Climbing relies on good footwork and good footwork relies on good shoes. There is a lot of technology involved in climbing shoe manufacture to aid your climbing experience. The top climbing shoe manufacturers use a variety of quality rubbers, no rubber is better than any other, but the rubbers used have different properties which operate better at different temperatures. The main thing is to keep the rubber soles of your shoes clean, this will keep them sticky.
How long should climbing shoes last?
Some rubbers are soft. This means they will wear quicker, but poor footwork will wear your shoes very quickly. I go through a pair a year using them about 3 times a week, but like anything, the more you use it the more wear it gets. With age, all rubbers will loose their properties, they become hard and inflexible and they won’t stick.
It is not only the sole that wears. Over time the uppers loose their strength and the shoe does not support your foot as well so there is less power generated through your feet.
Do climbing shoes have to hurt?
Your shoes should not be painful to wear, they might be tight, they might pinch, but they should not HURT. There are more than 5 well known brands of climbing shoe distributed throughout the UK, for example Boreal, Scarpa, Evolv, Spotiva and Tenaya. These brands between them probably produce 50 styles of climbing shoe. The game is to find the shoe that fits your foot like a slipper. From all these shoes I have only found 2 styles, which are from 2 different manufacturers, that fit me. If the shoe hurts it is the wrong style for you.
The importance of getting a good fit
Shoe type is dictated by the style of climbing; rock type, steepness, time wearing the shoe, indoor or out, bouldering or routes, but no matter what style of climbing you are doing the main thing with your shoe is that it is comfortable and this is achieved by making sure it fits correctly.
- Heel – No baggy spots.
- Arch – Flat or raised arch, it shouldn’t squelch.
- Toe – Mortons toe (2nd toe longer than big toe)
- Toe box – No air gaps
- Foot – Symmetric (big toe bends inwards to other toes) or
- Asymmetric (big toe is inline with side of foot)
Female fit shoes – not just for girls
If it is called a female specific shoe and it fits – just wear it.
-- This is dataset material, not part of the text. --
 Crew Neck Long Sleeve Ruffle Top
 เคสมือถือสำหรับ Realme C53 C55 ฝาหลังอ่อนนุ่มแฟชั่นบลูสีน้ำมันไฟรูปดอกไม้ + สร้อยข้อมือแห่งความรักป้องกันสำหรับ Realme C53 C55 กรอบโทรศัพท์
Don’t be gender specific about your feet, female specific shoes have a slightly different cut. There are no male specific shoes, the rest are unisex.
Don’t get too bogged down with shoes. There are climbers wearing trainers that climb better than me, but a climbing shoe that is personal to you and not rented, will give you a better experience whilst climbing. Happy Feet, Happy Climbing.